Objective Infrared image technology is capable of working in low-light and adverse weather conditions. Infrared vehicle detection technology is designed to use infrared sensors to monitor vehicles on roads, enabling the collection and analysis of information related to vehicle quantity and speed, which can be used to achieve traffic management and safety control. This technology can be applied not only to road vehicles, but also to rail transport, airports, and ports, providing effective technical support for the safety and convenience of the transportation industries. However, infrared vehicle detection still faces many challenges due to the low resolution, low contrast, and blurred edges of small targets in infrared images. Traditional hand-crafted image feature extraction methods are not adaptable nor robust, require substantial prior knowledge and have low efficiency. Therefore, this paper aims to explore deep learning-based vehicle detection models, which plays an important role in traffic regulation.
Methods YOLOv5 is a one-stage object detection algorithm that is characterized by its lightweight design, ease of deployment, and high accuracy, making it widely used in industrial applications. In this paper, a CFG mixed attention mechanism (Fig.2) is introduced into the model backbone to help the model better locate the vehicle area in the image and improve its feature extraction ability, due to the low resolution of infrared images. In the feature fusion part, an improved Z-BiFPN structure (Fig.5) is proposed to incorporate more information in the shallow fusion, thereby improving the utilization of shallow information. A small object detection layer is added, and the Decoupled Head (Fig.6) is used to separate classification and regression, improving the model's ability to detect small target vehicles.

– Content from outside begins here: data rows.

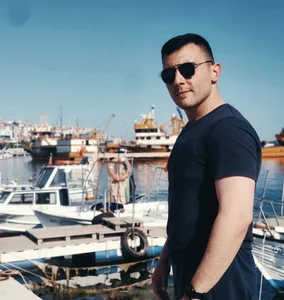 leonidaskoreaa Public 사진 4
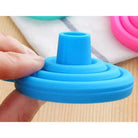 Silicone Oil Funnel Kitchen Liquid Oil Dispensing Tool (Random Color)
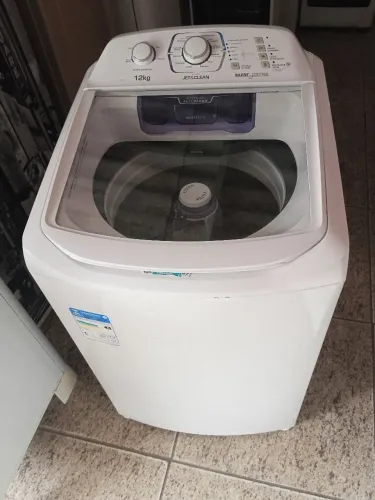 Lavadora Eletrolux turbo 12 kg com cesto de inox tudo funcionando ok em ótimo estado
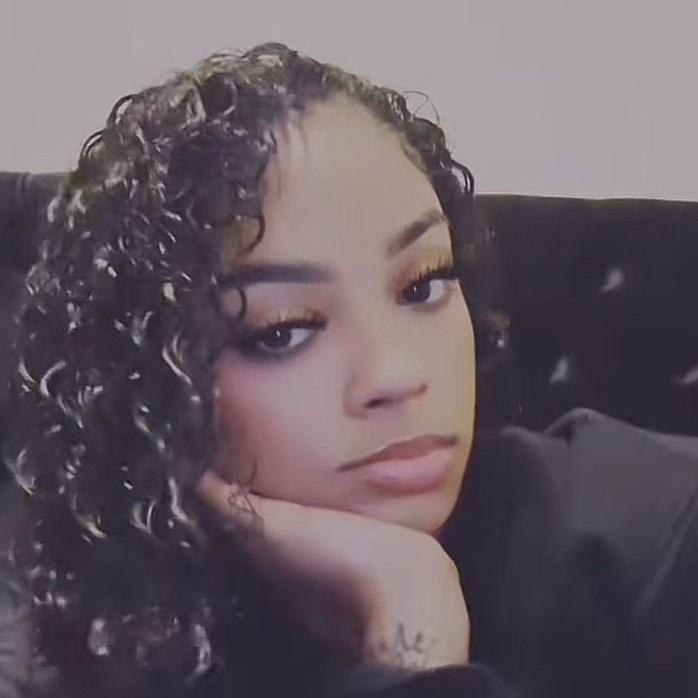 Kayla tweet media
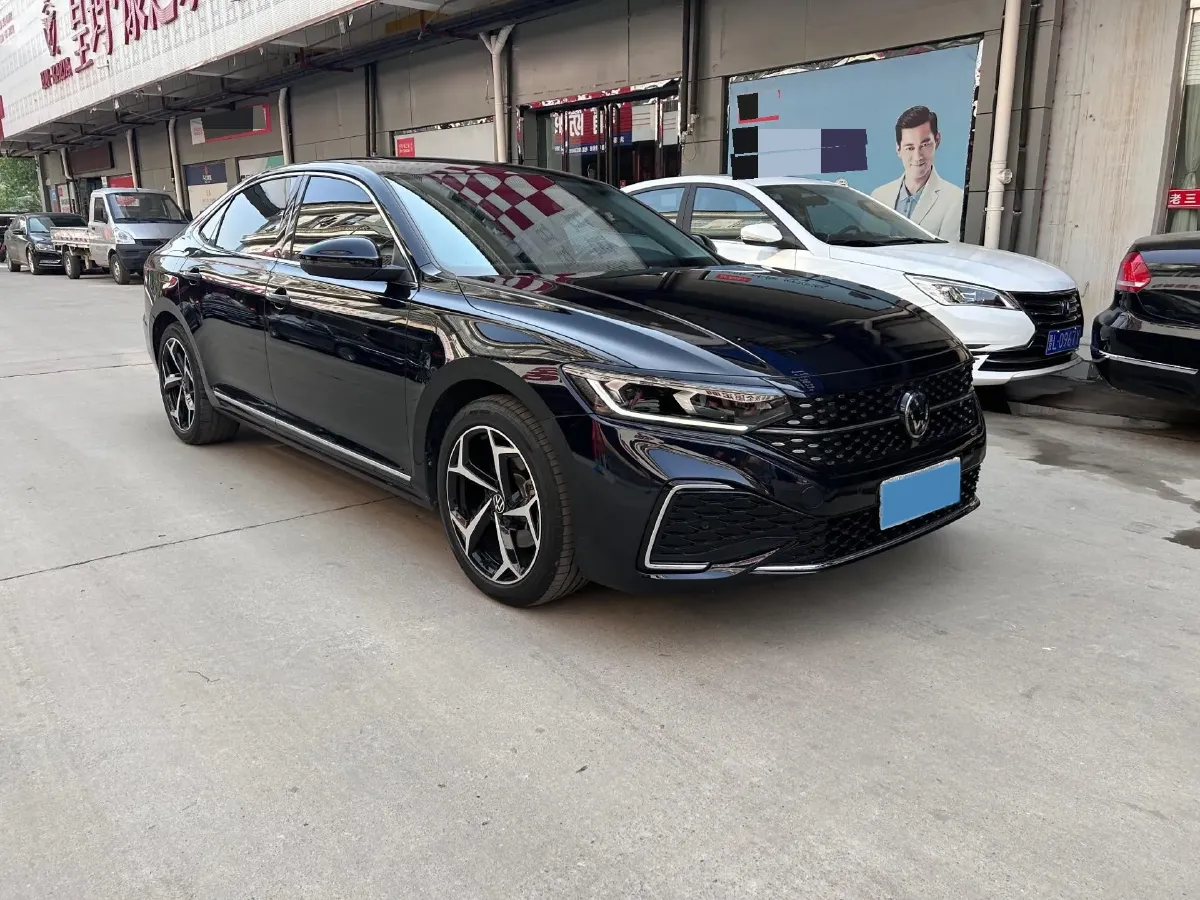 2024 Volkswagen Passat 2.0T 186HP L4 7DCT,autocango,china used car exporter,china ev exporter,chinese used car exporter,chinese used ev exporter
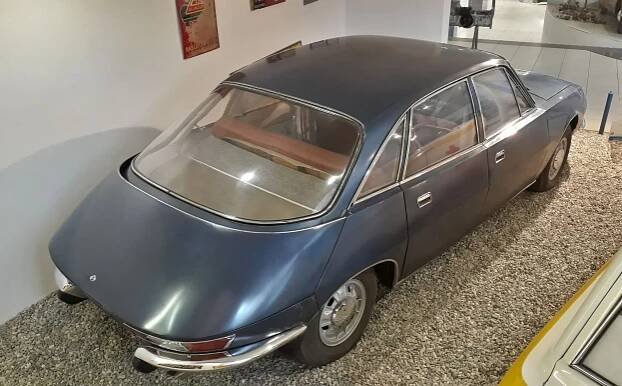 Tatra 603 vznikala v utajení, pak se stala legendou. Jednu dostal i Fidel Castro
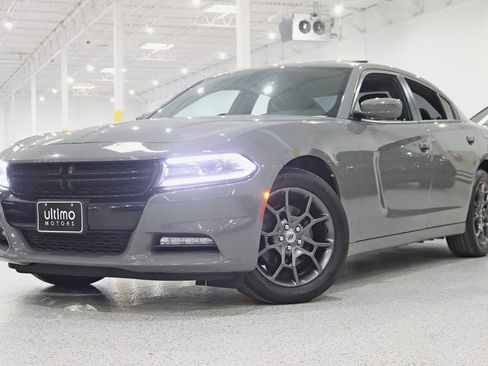 Used 2018 Dodge Charger GT image 6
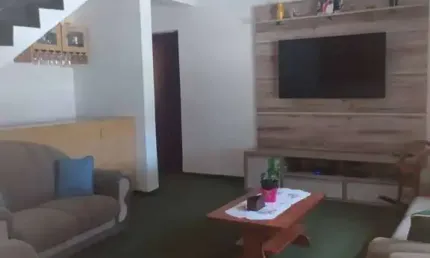Sobrado à Venda com 3 Suítes e 292m², Localizada em dos Melhores Bairros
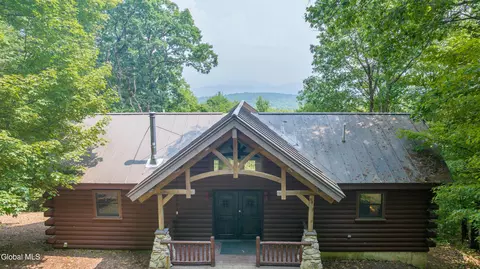 399 Hills Pond Road Rd, Whitehall, NY 12887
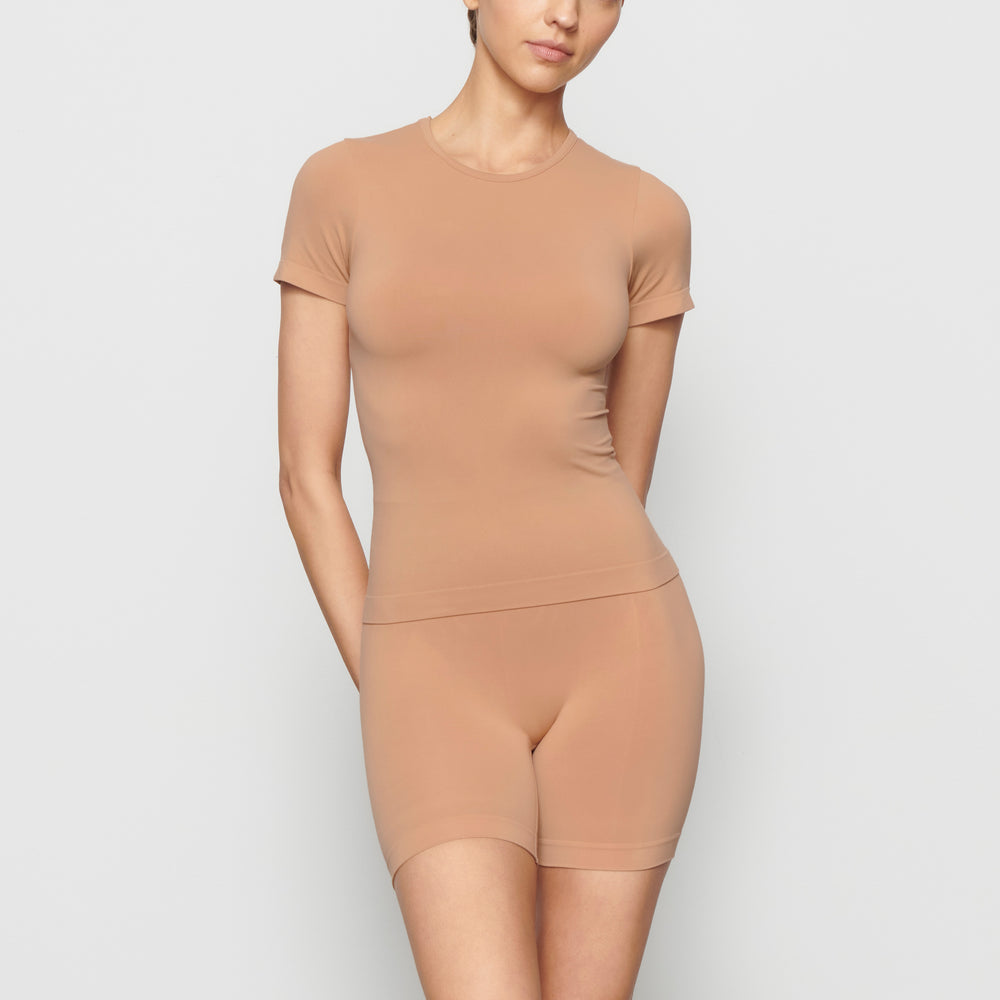 Skims SOFT SMOOTHING T-shirt Béžové | EACG-96247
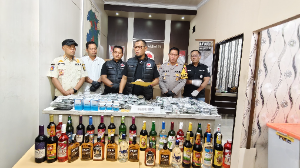 http://www.gardatipikornews.com/pisah-sambut-dua-kapolres-bupati-padang-pariaman-apresiasi-pengabdian-pejabat-lama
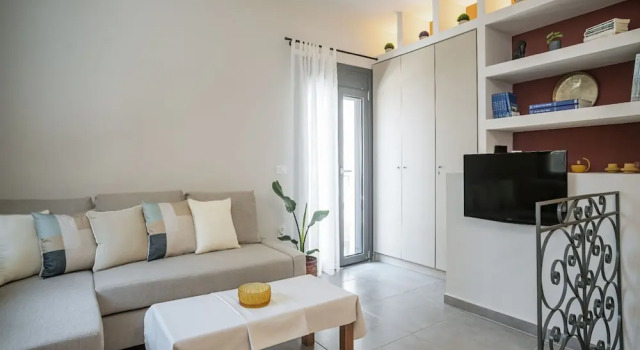 Elegant City Apartment - 250m From Solomos Square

Results and Discussions In order to improve the model's generalization ability, an infrared image dataset INFrared-417 (Fig.7) consisting of seven categories of bus, truck, car, van, person, bicycle and elecmot, was constructed by collecting data and combining existing infrared datasets. The main evaluation metrics used were AP (Average Precision) and mAP (mean Average Precision), with P (Precision) and R (Recall) as secondary metrics for the experiments. The ablation experiment results (Tab.1) confirmed the effectiveness and feasibility of the proposed improvement methods, with mAP improving by 4.0%, and AP significantly improving for the van, person, and bicycle categories, while P increased by 1.7% and R increased by 3.6%. In addition, the comparison results (Fig.10) demonstrated that the improved model reduced false alarm and missed detection rates, while improving the detection of small targets. The comparison experiment results (Tab.2) also showed that the proposed improved model had excellent performance in terms of detection accuracy and model parameter count.
Conclusions This paper proposes an improved infrared vehicle detection algorithm. By introducing the mixed attention mechanism, the model is able to better focus on the vehicle region in the image and enhance its feature extraction ability. The improved Z-BiFPN is used in the model neck to efficiently integrate context information. At the same time, the detection head is replaced with a more advanced Decoupled Head to improve the detection ability, and a small object detection layer is added to improve the ability to capture small targets. It is hoped that this model can be applied in traffic control.